→ TASK BRIEF
Leave the pictures out and restate every line below exactly.

== DATA SECTION

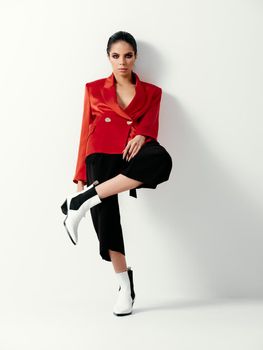 pretty woman red jacket Modern Studio leg bent at the knee luxury. High quality photo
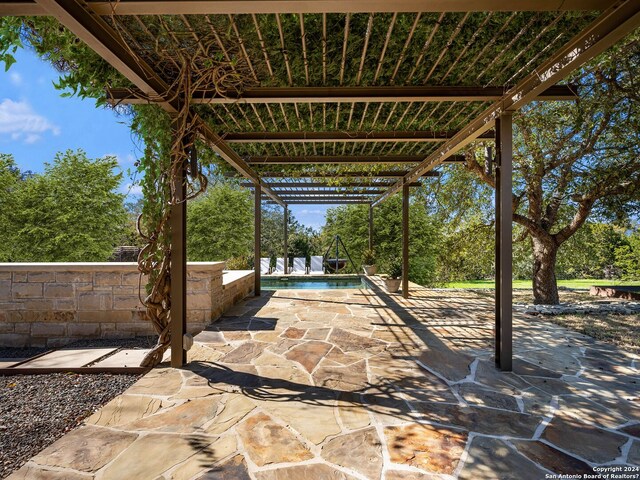 view of patio with an outdoor pool and a pergola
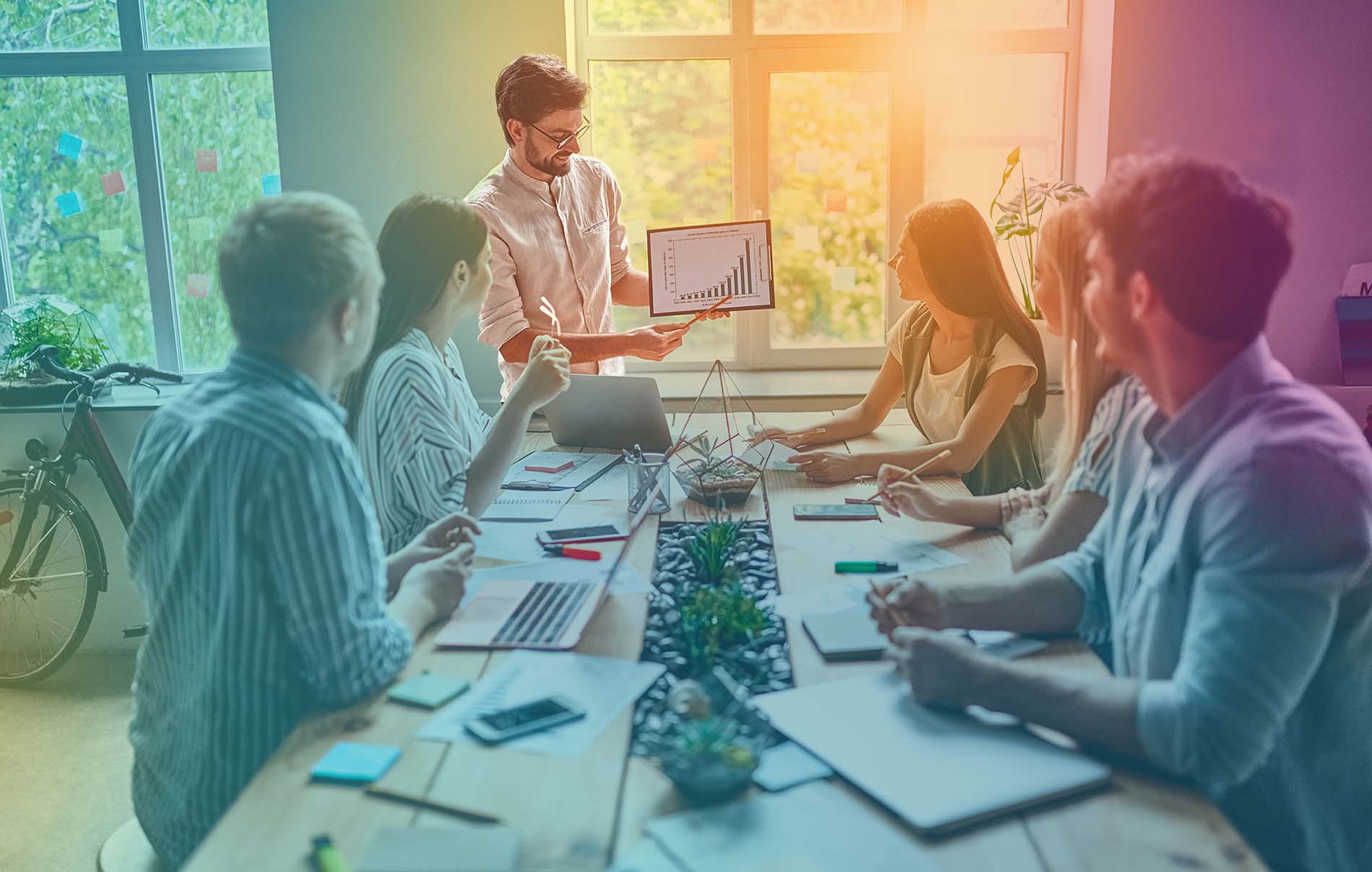 People in a meeting showing a screen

====

→ EXPECTED ANSWER
 pretty woman red jacket Modern Studio leg bent at the knee luxury. High quality photo
 view of patio with an outdoor pool and a pergola
 People in a meeting showing a screen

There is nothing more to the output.